Explanation: Length-2 windows with exactly 2 distinct: "ab", "bc", "cb". Leftmost is "ab". ("aa" has only 1 distinct character.)
Input: ("abac", 3)
Expected Output: "bac"
Explanation: The shortest window containing 3 distinct characters {a,b,c} is "bac" at indices 1..3, length 3.
Input: ("aaaa", 2)
Expected Output: ""
Explanation: s has only 1 distinct character, so no substring has exactly 2 distinct; return empty string.
Input: ("abcde", 1)
Expected Output: "a"
Explanation: Any single character is a length-1 window with exactly 1 distinct; the leftmost is "a".
Input: ("", 1)
Expected Output: ""
Explanation: Empty input string has no substrings; return empty string.
Input: ("aabbcc", 0)
Expected Output: ""
Explanation: n = 0 is not a valid distinct count; return empty string.
Input: ("xyzzyx", 3)
Expected Output: "xyz"
Explanation: The leftmost minimal window with 3 distinct {x,y,z} is the prefix "xyz", length 3.
Input: ("aaab", 5)
Expected Output: ""
Explanation: Only 2 distinct characters exist (a,b), fewer than n=5; no valid window, return empty string.
Hints
- A window has 'exactly n distinct' which is harder than 'at most n'. Maintain a hash map of character counts and a running distinct-count for the current window [left, right].
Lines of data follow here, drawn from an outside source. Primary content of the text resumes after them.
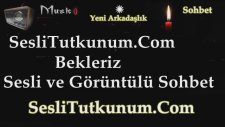 Slow Şarkılar 2014 - Usul Usul Ağladım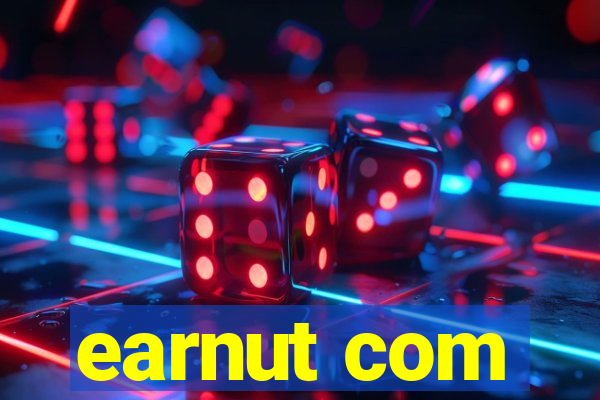 earnut com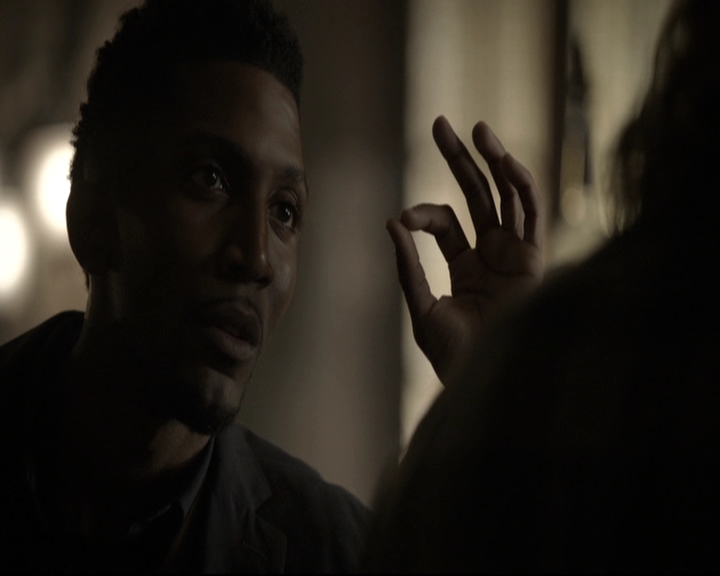 VampireDiariesWorld-dot-nl_TheOriginals-2x03EveryMothersSon0373.jpg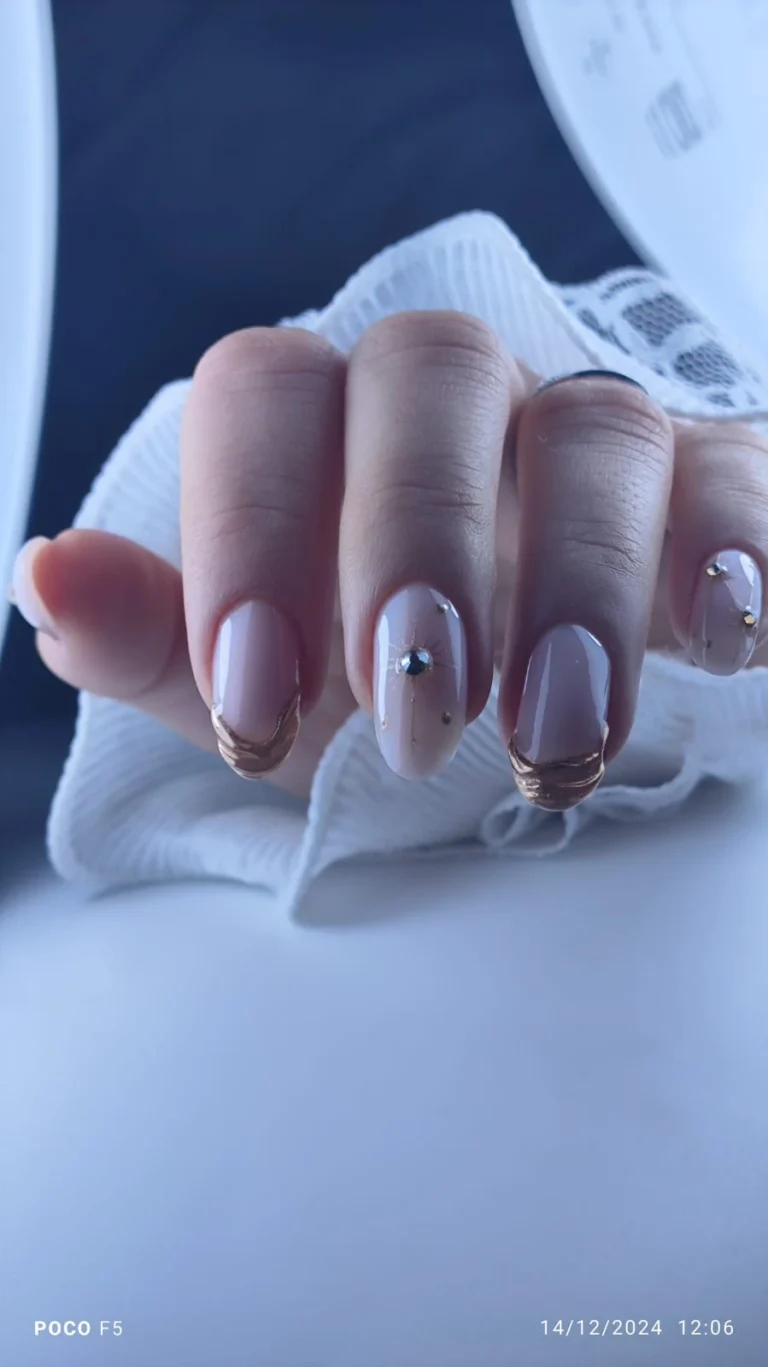 6d9448d4-1e5d-414e-9302-410927980cec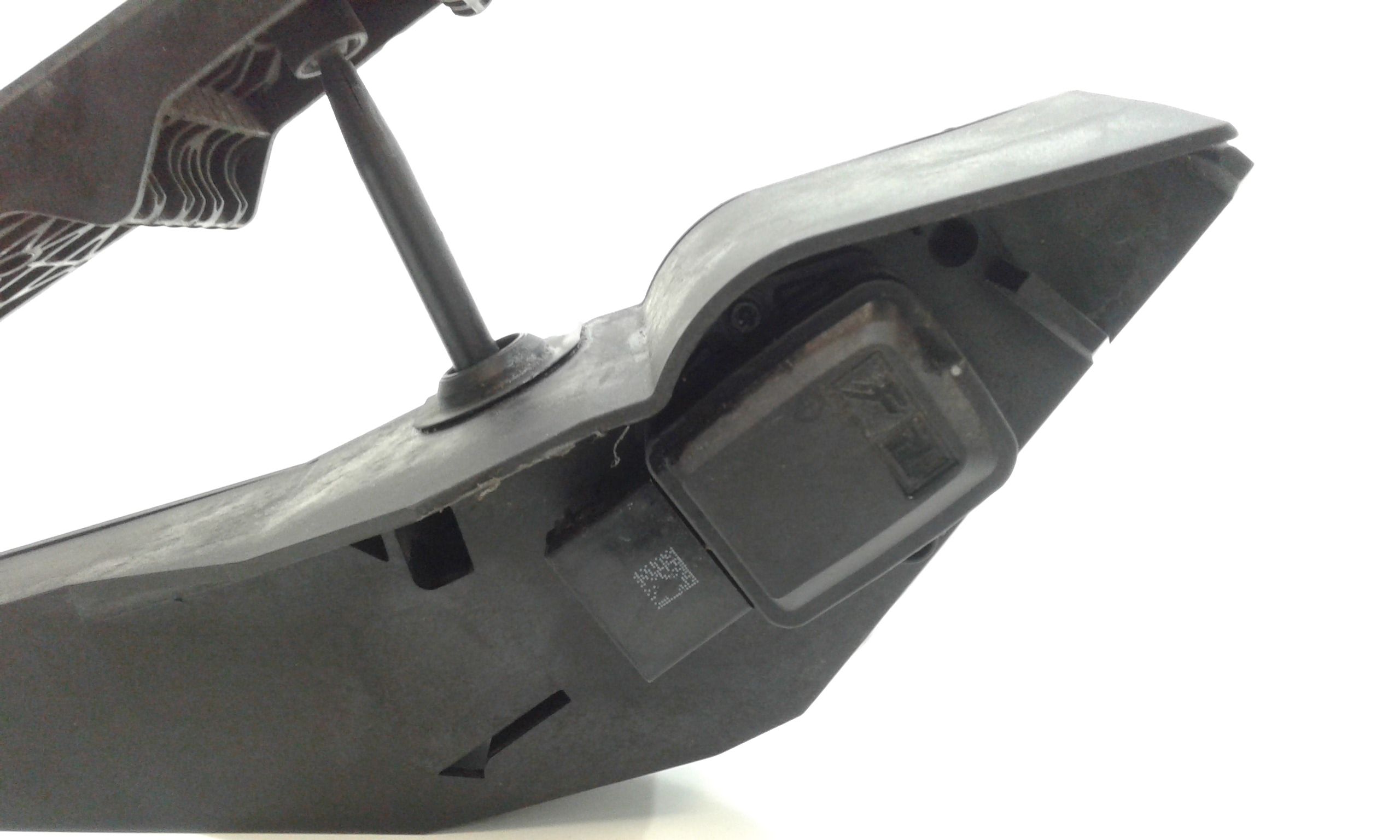 Pedale acceleratore BMW Serie 3 E90 Berlina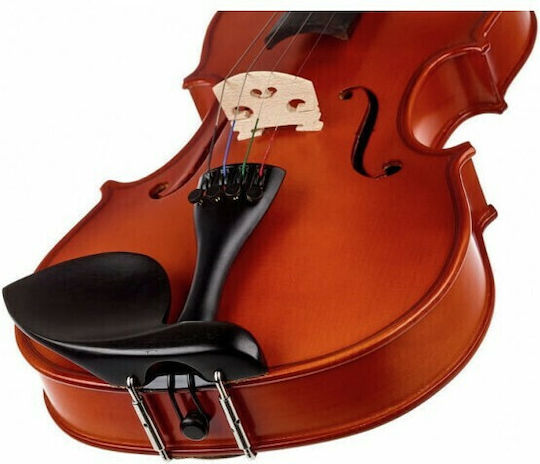 Gewa Violin Outfit HW 1/2 Цигулка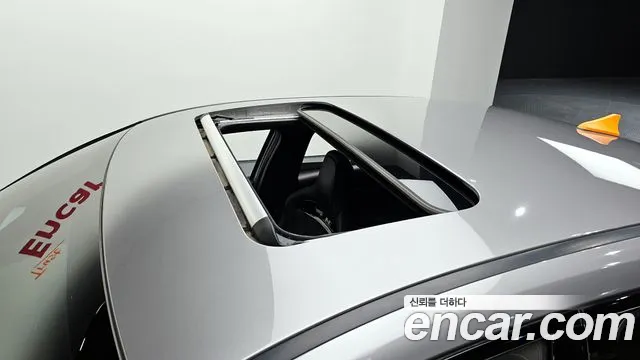 Hyundai AVANTE — Фото автомобиля 19
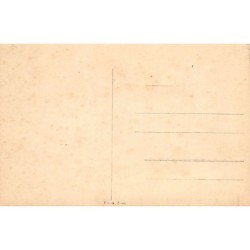 Rare collectable postcards of CZECH REPUBLIC. Vintage Postcards of CZECH REPUBLIC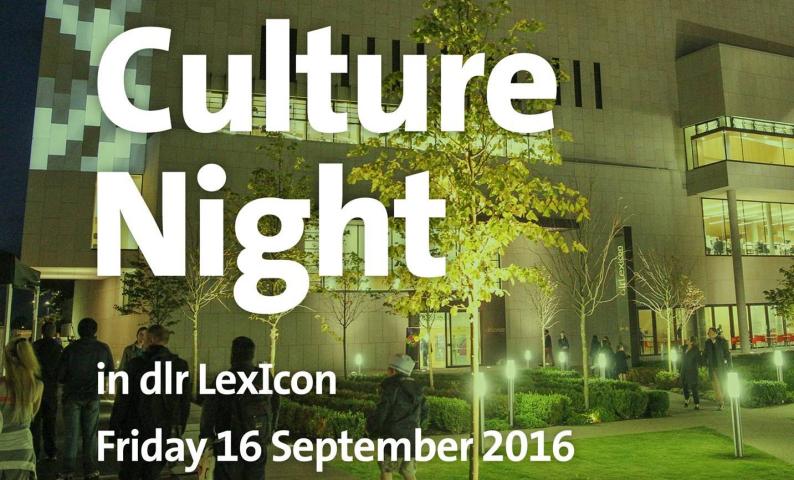 culture_night_1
- Grow the window by moving right one step at a time. Whenever distinct exceeds n, shrink from the left. Also shrink while the leftmost character is redundant (count > 1) so the recorded window is as tight as possible.
- Whenever distinct == n, the current window is a candidate; record it if it is strictly shorter than the best seen so far (strict comparison keeps the leftmost on ties). Handle n <= 0, empty s, and 'no valid window' by returning the empty string.